Image courtesy of theaustralian.com.au/News Limited
Daly Cherry-Evans will start at five-eighth against Ireland. Image courtesy of theaustralian.com.au/News Limited
Australia continues its tune up for the business end of the Rugby League World Cup when it takes on the weakest team in its group, Ireland , on Sunday morning (AEST). It’s the first meeting between the countries in rugby league and it’s an intimidating way for the Irish to finish what has been a disappointing tournament to date. In 2008, Ireland progressed from its group after beating Samoa and going within two of beating Tonga, before losing in the semi-final qualifier 30-14 to Fiji. This time around the men from the Emerald Isle went down to the Bati by almost the same score – 32-14 this time – and were drubbed by England 42-0 last week in Huddersfield.

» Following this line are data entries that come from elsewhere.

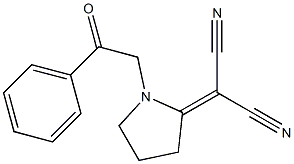 [1-(2-Oxo-2-phenylethyl)pyrrolidin-2-ylidene]malononitrile 구조식 이미지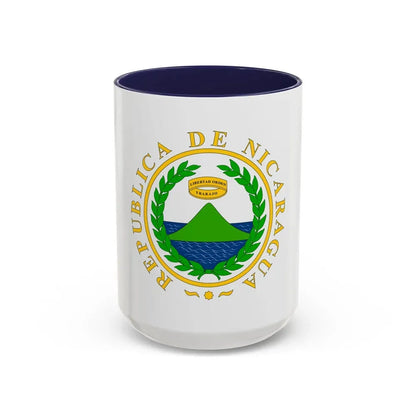 Coat of arms of Nicaragua (1854) - Accent Coffee Mug 15oz Navy - Go Mug Yourself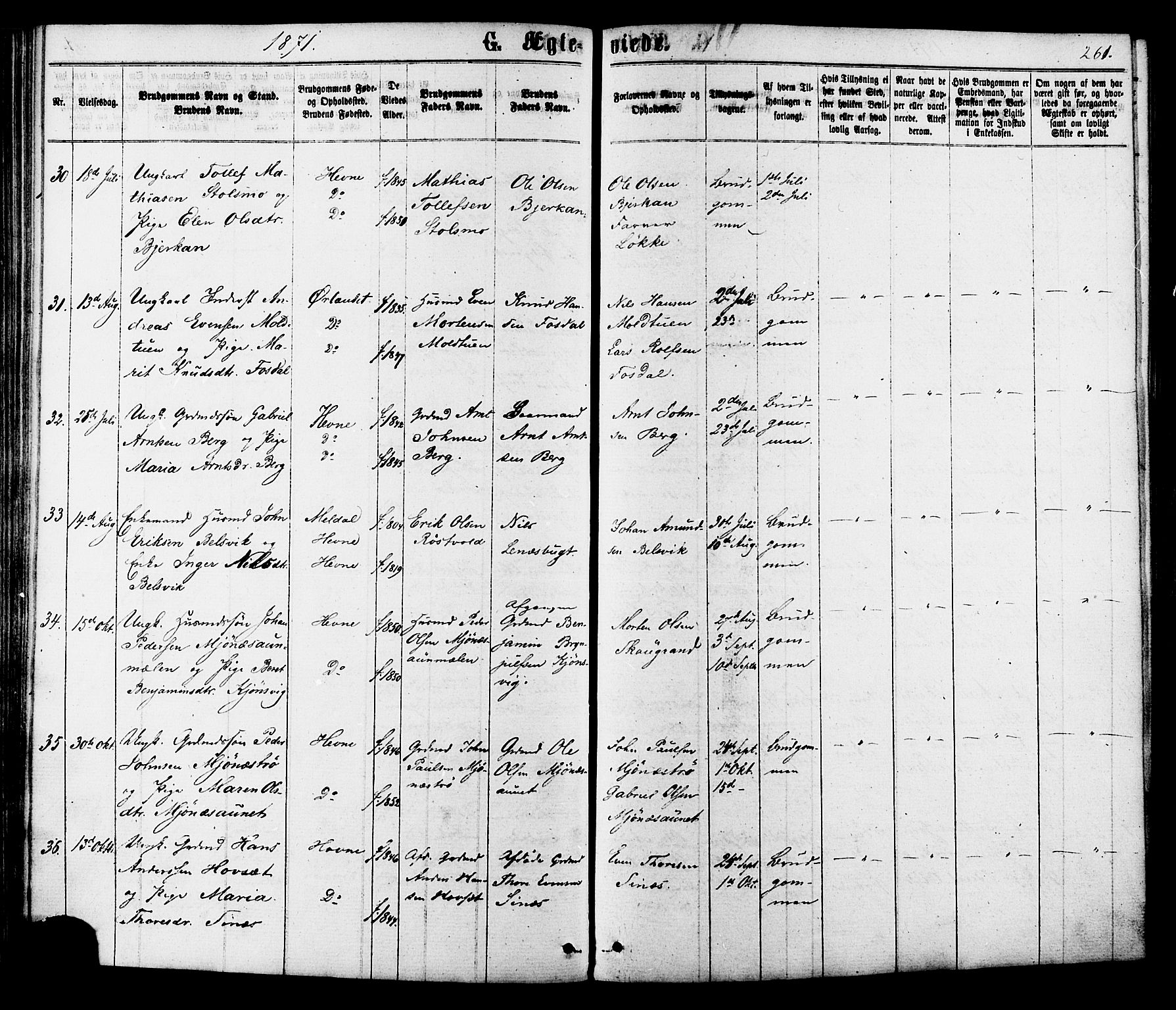 Ministerialprotokoller, klokkerbøker og fødselsregistre - Sør-Trøndelag, AV/SAT-A-1456/630/L0495: Ministerialbok nr. 630A08, 1868-1878, s. 261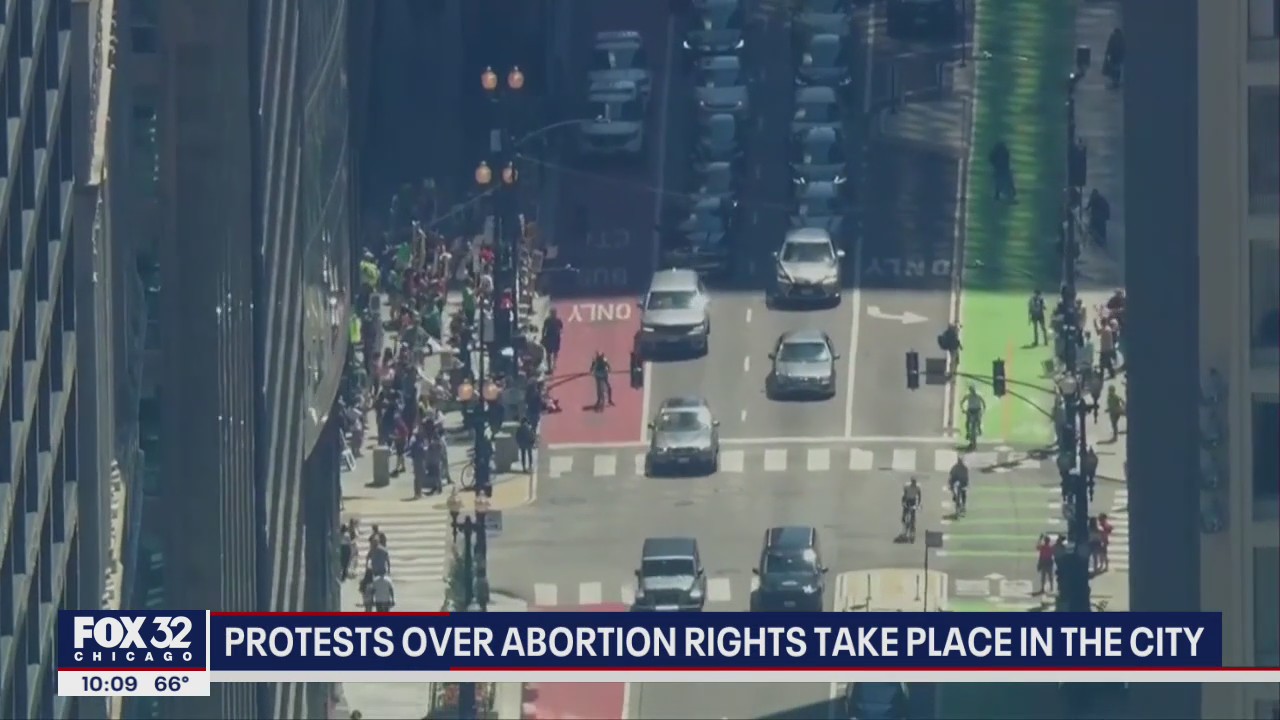 Abortion rights protesters march in Chicago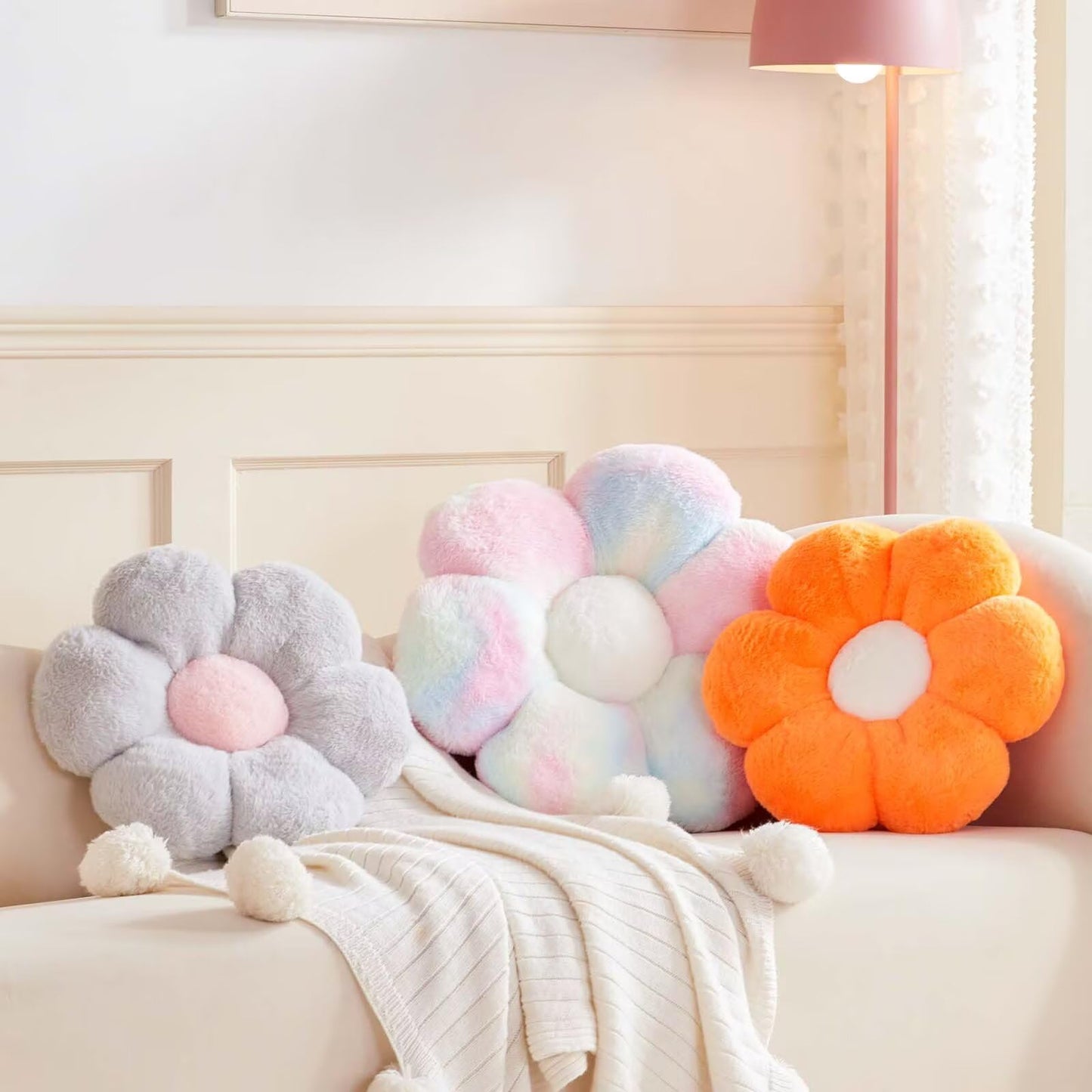 Kcvvcr Flower Pillow Cute Decorative Throw Pillow with Faux Rabbit Fur Soft Daisy Plush Floor Cushion Aesthetic Flower Shaped Pillow Home Decor for Bed Sofa Couch (Orange 17.7 Inch)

Tim Sheens will hope his seventeen gets through this final group match unscathed after he lost Luke Lewis for the rest of the tournament with a serious shoulder injury in the 34-2 win over Fiji last weekend. Lewis collided with an advertising hoarding as he chased a loose ball in-goal. The Kangaroos have made seven changes to that side with Daly Cherry-Evans getting a crack in the No. 6 jersey alongside Cooper Cronk in the halves. Sheens has the Manly half and Tigers hooker Robbie Farah battling for a position on the bench in Australia’s best 17, so this match is crucial for both players. Boyd Cordner gets his chance to push for Lewis’s spot in the forward rotation for the Kangaroos’ push to the grand final.

Ireland has some NRL talent with the likes of Brett White , Pat Richards and Rory Kostjasyn turning out for their adopted nation. The squad has little to play for apart from pride and coach Mark Aston’s main aim will more than likely be avoiding a very heavy defeat in their final match of the tournament. The Irish have lost 11 of their last 12 internationals, going down to the likes of Lebanon, Scotland, Wales and France along the way. Most of those matches were played without their top level talent, though.

Ireland conceded six tries in the first half against England last weekend before stemming the flow in the second half. It was the same case against Fiji with the Pacific Islanders leading 24-4 at the break with Ireland scoring two late tries to add respectability to the scoreline.